Sejm uchwalił ustawę zawierającą zasady na jakich wskazany zostanie ten z wybranych w majowych wyborach posłów do europarlamentu, który nie obejmie mandatu, jeśli ostatecznie okaże się, że w PE znajdą się brytyjscy europosłowie i w związku z tym Polsce przypadnie 51 mandatów a nie 52.
Za ustawą głosowało w piątek 296 posłów, 2 było przeciw, 107 wstrzymało się od głosu.
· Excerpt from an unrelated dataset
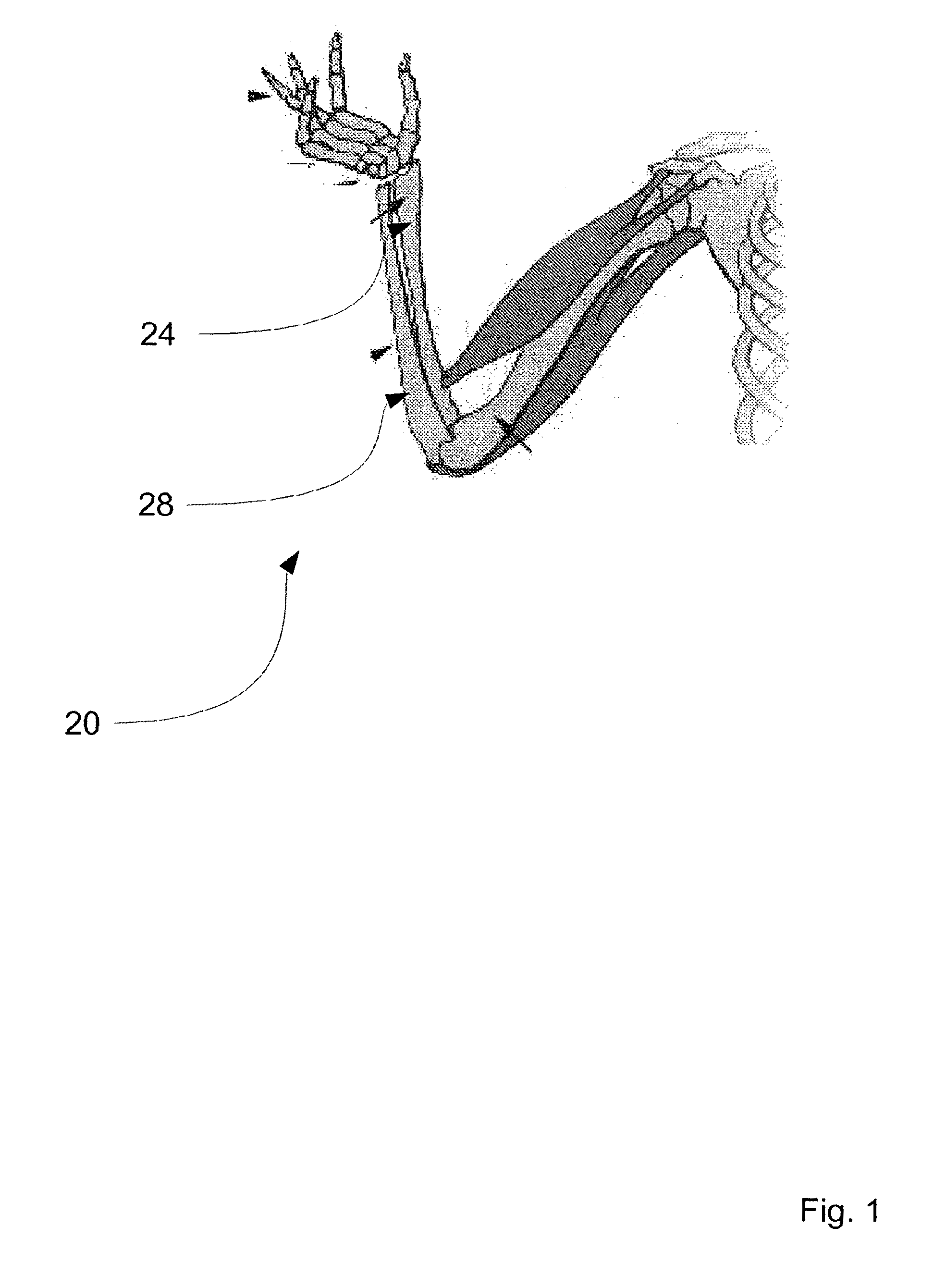 Method and kit for intra osseous navigation and augmentation of bone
Ustawa została przygotowana w związku z tym, że – jak ustalono w UE – w tegorocznych wyborach do PE w Polsce wybranych ma zostać 52 europosłów, o 1 więcej niż poprzednio. Nową liczbę wybieranych w poszczególnych krajach europosłów ustalono przy założeniu, że w nowej kadencji europarlamentu nie będzie już brytyjskich posłów.
Jednak w związku brakiem pewności, że do brexitu dojdzie jak zakładano z końcem marca, i może stać się tak, że w czasie majowych wyborów do PE oraz w momencie rozpoczęcia nowej kadencji europarlamentu Wielka Brytania wciąż będzie w UE, istnieje ewentualność, że miejsca w PE będą musieli obsadzić brytyjscy posłowie, a wtedy Polsce, jak w obecnej kadencji, będzie przypadało 51 mandatów.
Uchwalona w piątek ustawa ustala zasady kolejności obsadzania mandatów posłów do Parlamentu Europejskiego wybieranych w Polsce na kadencję 2019-2024, w celu wskazania posła do PE, który nie obejmie mandatu na początku kadencji, w przypadku gdyby liczba mandatów przypadających Polsce wyniosła jednak 51.